The Adani Group chair, in a legal filing Wednesday, acknowledged that he did offer to invest 10 billion dollars in the US as part of resolution of his criminal case, however it did not play any role in DoJ’s final decision to drop charges against him.
What led to the filing after the case was dropped in May? As the NYT correspondents note, the statement came in response to a legal filing ordered by a federal judge in Brooklyn, Nicholas G. Garaufis, who raised concerns about the justice department’s request to dismiss the indictment. The report says that it is highly unusual for a judge to probe matters of prosecution dismissal.
“Wednesday’s filings were the latest twist in a high-profile case that has unraveled in a peculiar way,” they write. After prosecutors moved to dismiss the indictment against Adani and his co-defendants, Garaufis urged them to give a justification for doing so, “leading to a public and occasionally rancorous battle,” says the report. Adani is being represented by Robert J. Giuffra Jr., who is also a personal lawyer for US President Donald Trump.
Cherylann Mollan and Auqib Javeed of the BBC write about a new “crackdown” in Kashmir. Authorities in Kashmir have ordered all educational institutions to review books for “inappropriate and objectionable” content.
The order, issued last week, has directed schools, colleges, universities and coaching centres to check all published material—including research papers and academic theses—for content that could violate “religious sentiments, laws, educational values and established norms”.
According to the report, authorities have clarified that the purpose of the order is not to restrict reading but “removing material they say is factually inaccurate or unlawful”.
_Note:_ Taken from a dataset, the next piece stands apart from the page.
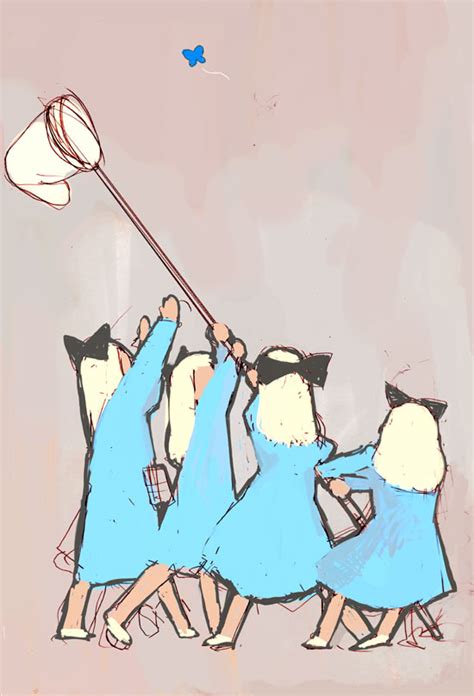 The Big ImageBoard TBIB 4girls Blonde Hair Blue Butterfly Bow Bug Butterfly Butterfly Net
It adds that the intention of the order is to remove any content that “promotes, glorifies, legitimises or justifies terrorism, violent extremism, secessionism, radicalisation”.
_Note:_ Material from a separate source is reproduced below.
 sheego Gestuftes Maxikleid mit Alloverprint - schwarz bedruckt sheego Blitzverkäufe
“But opposition parties, academics and students say the move is an attack on academic freedom and an attempt to erase Kashmir’s turbulent history,” the report says.
The report quotes Naseer Ahmad Wani, Director of School Education in Kashmir, besides political scientist Noor Ahmad Baba, a Kashmir studies teacher and political leaders from across the aisle.
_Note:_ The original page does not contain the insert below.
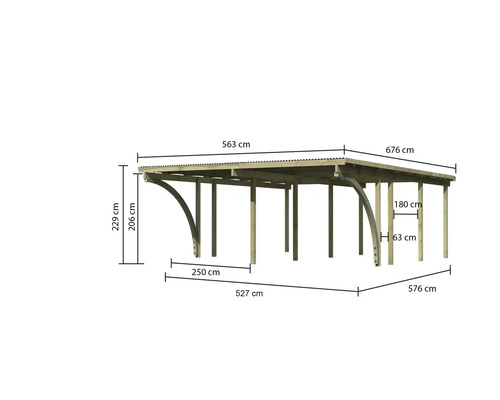 Abbildung eines Holzcarports mit Maßangaben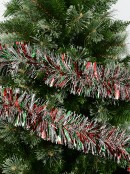 Red, Green & Silver Thick & Thin Pine Needle 6ply Christmas Tinsel Garland - 2m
Alan Beattie writes in Financial Times about “ad hoc” deals being signed between countries that are often glorified as major shifts in the global economic order, but are, in reality, relatively “shallow”. He refers to the India-EU deal in particular.
“When the EU and India agreed a rather shallow trade deal back in January, it supposedly reflected the coming together of two great strategic powers united by a common geoeconomic purpose, and so on. You know the drill,” he writes.
Beattie also refers to other agreements that have taken place in the last few years which never really had anything to do with trade, and could not perhaps justify the vision several countries have of “of a world order with coalitions of middle powers no longer relying on a US anchor”. He cites the security agreements concluded between the European Union and India recently, arguing they had no relevance to trade deals. Moreover, the Australia-UK-US (Aukus) submarine and technology pact, “announced in 2021 to great fanfare,” had nothing to do with trade as such.
The author also highlights how many such agreements are “preferential agreements”, which do not breach geopolitical value networks. Trade agreements built around preferential terms are meant for normal economic conditions, covering areas such as tariffs, regulations, and intellectual property. They are far less effective during trade conflicts and have not stopped China from deploying various tools to strengthen its strategic position, he adds.
“To speak of a new order is itself somewhat misleading. In geopolitically sensitive areas there will be no overarching governance or legal framework, just coalitions or bilaterals of convenience with a bias towards politically friendly countries. This may not sound inspirational. It is, however, much more realistic than imagining that taking the knife of a traditional trade agreement to a critical products gunfight will end up in anything but defeat,” writes Beattie.